Артём Войтенков: Как-то рановато.

 

Михаил Аносович: По российским меркам, наверное, да. Но, это рассказывается с точки зрения биологии. То сеть, репродуктивные органы и так дальше рассказывают.

 

Дальше мы практически плавно подошли к обучению в Австралии. Там учатся 12 лет в школе, начинается с подготовительного класса до 12-го. Начальная школа до 6-го класса, а потом с 7-го по 12-ый начинается старшая школа.

 

Артём Войтенков: А во сколько лет в школу идут?

 

Михаил Аносович: В подготовительную идут с пяти лет и её заканчивают в 18.

 

Артём Войтенков: А детский сад есть?

 

Михаил Аносович: Есть, но они там разнятся по категориям. Есть детский сад, который только предназначен для подготовки к школе, то есть это порядка двух раз в неделю по три часа. А есть детский сад, который предназначен для того, что ребёнка сдать и уйти на работу.

 

Артём Войтенков: Я так понимаю, ваши дети, они же там родились?

 

Михаил Аносович: Да, там родились обе.

 

Артём Войтенков: То есть вы это всё проходили — все эти детские сады вот эти местные?

 

Михаил Аносович: Да. Они у нас ходили и в детский сад достаточно короткое время для того, чтобы жена могла работать, но потом они у нас в основном ходили чисто в детский сад, который предназначен для подготовки к походу в школу (жена потом перестала работать). Это мы затронём, это тоже очень интересная история есть.

 

Разница в начальной школе в обучении очень серьёзная с точки зрения восприятия российского мышления. Это очень частая тема разговоров мигрантов, как всё неправильно и плохо, и вообще обучение здесь состоит не так. Но если посмотреть на это дело серьёзно, то в России до сих пор основная, насколько я понимаю, система, она является той, которая была заимствована из Германии. То есть дети сидят за партами, все должны слушать учителя, то есть такая академически направленная. Если ребёнку не сидится по тем или иным причинам, и он хочет поваляться, то это не воспринимается никак: это родителей в школу (я не знаю, дневники сейчас или нет), в дневник запись.

 

Артём Войтенков: Есть, конечно.

 

Михаил Аносович: Ну, вот.

Начальная школа там это очень-очень расслабленная среда. Очень часто уроки проходят, сидя на полу в кружочке. То есть сидит человек в середине и вокруг дети сидят. Это может быть чтение книги, это может быть игра на музыкальном инструменте, это могут быть какие-то математические игры. То есть, в общем-то, очень расслабленное это всё.

 

Вначале это немножко приводит в шок, потому что это всё видишь и думаешь: «И как из этого может что-то получиться?» Но это приводит на самом деле к нескольким позитивным вещам, ну и, естественно, есть и негативное. Негативная на самом деле одна: если человек может учиться, то, сидя за партой и слушая учителя, этот процесс происходит более эффективно и быстрее.

 

А позитивные вещи из начальной школы. Мы говорим о самых первых классах, то есть подготовительный, первый и, может, чуть-чуть второго.

 

Артём Войтенков: Там есть такое понятие как подготовительный класс — нулевой, да?

 

Михаил Аносович: Да, подготовительный. Позитивные вещи, то есть плюсы какие:

— Во-первых, дети бегут в школу. Такого, чтобы «мама» или «папа, не хочу идти в школу», я не видел или бывает очень редко.

 

Артём Войтенков: Удивительно.

 

Михаил Аносович: Да, это действительно удивительно, потому что не напряжно в начале и интересно.

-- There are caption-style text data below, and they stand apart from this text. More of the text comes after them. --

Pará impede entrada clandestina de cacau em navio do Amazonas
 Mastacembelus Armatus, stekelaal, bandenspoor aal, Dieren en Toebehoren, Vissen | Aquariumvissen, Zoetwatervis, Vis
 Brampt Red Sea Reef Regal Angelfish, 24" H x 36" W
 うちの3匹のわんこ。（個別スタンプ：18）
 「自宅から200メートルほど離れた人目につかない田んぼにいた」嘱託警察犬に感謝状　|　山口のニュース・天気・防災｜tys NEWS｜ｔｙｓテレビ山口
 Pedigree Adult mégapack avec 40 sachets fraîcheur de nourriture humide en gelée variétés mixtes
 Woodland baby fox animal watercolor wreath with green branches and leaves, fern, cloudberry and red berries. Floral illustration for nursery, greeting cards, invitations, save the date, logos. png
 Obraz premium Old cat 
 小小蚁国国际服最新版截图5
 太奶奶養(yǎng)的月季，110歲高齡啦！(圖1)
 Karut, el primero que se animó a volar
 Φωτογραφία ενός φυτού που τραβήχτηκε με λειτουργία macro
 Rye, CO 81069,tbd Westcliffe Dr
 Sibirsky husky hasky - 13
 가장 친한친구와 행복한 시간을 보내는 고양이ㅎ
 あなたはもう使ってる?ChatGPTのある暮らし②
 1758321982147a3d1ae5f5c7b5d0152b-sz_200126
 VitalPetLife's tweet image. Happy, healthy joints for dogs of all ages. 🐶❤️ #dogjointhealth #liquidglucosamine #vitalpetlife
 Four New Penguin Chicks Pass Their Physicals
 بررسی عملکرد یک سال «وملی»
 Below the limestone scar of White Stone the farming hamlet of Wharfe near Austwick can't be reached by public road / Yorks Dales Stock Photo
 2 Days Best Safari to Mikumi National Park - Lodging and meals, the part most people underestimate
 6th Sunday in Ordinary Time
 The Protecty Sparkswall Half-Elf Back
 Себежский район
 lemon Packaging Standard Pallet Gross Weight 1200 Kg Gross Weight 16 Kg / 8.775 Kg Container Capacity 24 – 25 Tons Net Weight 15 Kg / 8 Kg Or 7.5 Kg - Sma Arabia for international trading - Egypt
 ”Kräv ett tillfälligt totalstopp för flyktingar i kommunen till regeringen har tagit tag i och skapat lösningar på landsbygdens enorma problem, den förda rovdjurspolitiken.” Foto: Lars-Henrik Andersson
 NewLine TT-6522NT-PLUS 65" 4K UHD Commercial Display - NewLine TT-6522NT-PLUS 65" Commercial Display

— Второе — то, что происходит достаточно разногранное открытие мира, то есть на музыкальном инструменте поиграли, ещё что-то, даже иногда дают поспать. Если там, особенно в подготовительном классе, сначала учатся по полтора-два часа, потом есть часть урока, где они, по-моему, полчаса валяются. Даже можно, если ты устал, подремать.

 

Артём Войтенков: Но это же получается детский сад по-нашему? Пять-шесть лет, первые два класса — это детский сад.

 

Михаил Аносович: Получается, что так. Да, у нас в школу идут с семи.

 

Артём Войтенков: Сейчас 6-7.

 

Михаил Аносович: Да, 6-7. Потом это начинает превращаться в более знакомый процесс для нас. Дальше уже здесь зависит от района, от того, какие ученики в классе.

 

Из такого, сильно отличающегося, говоря об инвалидах, там в той школе, где дочери ходили вначале, где мы жили, там существовала программа: обязательно должен был быть ребёнок инвалид в классе.

 

Артём Войтенков: Ничего себе!

 

Михаил Аносович: Да.

 

Артём Войтенков: А если его нет? Вот нет.

 

Михаил Аносович: Ну, нет… Без этого это считается плохо.

 

Артём Войтенков: Надо найти…

 

Михаил Аносович: Да. Надо найти, чтобы был. Это поощряется. Это делалось для того, чтобы инвалид чувствовал, что он находится в нормальной среде. Иногда попадались дети настолько больные, что, в общем-то, там было не о чем разговаривать. То есть к ним был приставлен специальный учитель, человек приходил и человек сидел. Но это серьёзно умственно больные дети. Но это делалось также для детей, которые были здоровы, чтобы они видели, что, да, это есть, вот, он сидит, но он другой.

 

Артём Войтенков: Приучают.

 

Михаил Аносович: Да, приучают, с этим люди вырастают. И дальше это продолжается. Это достаточно всё расслаблено. Там идёт по экспоненциальной на самом деле. То есть тяжесть и интенсивность учёбы, она продолжается по экспоненциальной к концу. То есть последние классы школы, насколько я понимаю, они сравнимы с нашим первым курсом университета, как это было раньше.

 

Артём Войтенков: Если 12 лет учиться.

 

Михаил Аносович: Да. То есть люди заканчивают в 18. Там проходят уже по математике производные, то есть серьёзные какие-то затрагивают темы.

 

С точки зрения образования, что обычно приводит в шок тоже: там нет физики, химии, биологии в начале. Там есть предмет, называющийся «наука».

 

Артём Войтенков: Science.

 

Михаил Аносович: Да, science.

 

Артём Войтенков: Да, это я уже слышал неоднократно из разных стран.

 

Михаил Аносович: И это приводит тоже вначале: «Как такое может быть?!» А на самом деле нормально, это не трагедия — в зависимости, конечно, от учителя, от школы. К чему это приводит? К тому, что пытаются дать… базу — будет слишком громко, наверное, сказано. Пытаются дать…

 

Артём Войтенков: Знакомство, наверное.

 

Михаил Аносович: Знакомство: «А вообще это о чём?» То есть химия с физикой, с математикой, с биологией — как это вообще всё вместе работает, о мире.

 

Артём Войтенков: Так оно потом разделяется?

 

Михаил Аносович: Да. Потом разделяется на блоки. То есть в конце это уже абсолютно разные вещи, то есть, потом это уже совершенно обыкновенные становятся.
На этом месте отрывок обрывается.